Friday, June 1, 2007

Children Endangered by New Jersey's Political Corruption.

Tina Kelley, "Tainted Soil Around a School Stirs Up Dust and Distrust," in The New York Times, May 31, 2007, at p. B7.

"PARAMUS, N.J., May 30 -- After a week of confusion and worry that led the mayor here to step in and close a middle school, state environmental workers on Wednesday carted away two truckloads of soil contaminated with old, banned pesticides unearthed last fall."

Most of New Jersey has served as an illegal dump site for the mob working for industries that hope to save money by getting rid of pollutants without satisfying federal anti-pollution and dangerous waste management legislation. New Jersey mobsters are good at getting rid of things and people -- for a small fee -- so a few tons of pollutants are "no problem ... just bring the money and forget about it."

Hudson County floats over a carpet of lethal chromium, something which is unknown to most residents of that aromatic territory. Parts of Bergen County and many beach areas -- especially Tom's River -- are saturated with secret burial sites, where illegal chemicals and an occasional dead mafioso fertilize people's gardens. Politicians in Trenton (and judges everywhere in the Garden State) chuckle over this little problem and ask for their "cut." This is because they are "highly ethical."

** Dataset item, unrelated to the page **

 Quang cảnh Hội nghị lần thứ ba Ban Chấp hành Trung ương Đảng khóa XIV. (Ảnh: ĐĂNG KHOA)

"Students at the West Brook Middle School and their parents questioned why the soil -- containing pesticides at levels of up to 39 times the state's safety guidelines -- was not removed when it was discovered five months ago, and why we were told of the problem only last week."

When questioned about this, New Jersey politicians respond: "Hey, wadda-ya want? We had talk to talk to some people. See what we gonna do. Now we gotta find some other place to take the bodies ... Geez."

The children's welfare is a minor annoyance. The cancers that may develop during their teenage years should not get in the way of making a little money now. That's what politics is all about -- making the most of your opportunities, financially speaking. Right, Senator Bob? "On the one hand, but then on the other hand." How's that deal in Bayonne coming along, Senator Bob? Are the "chumps" still doing the financing?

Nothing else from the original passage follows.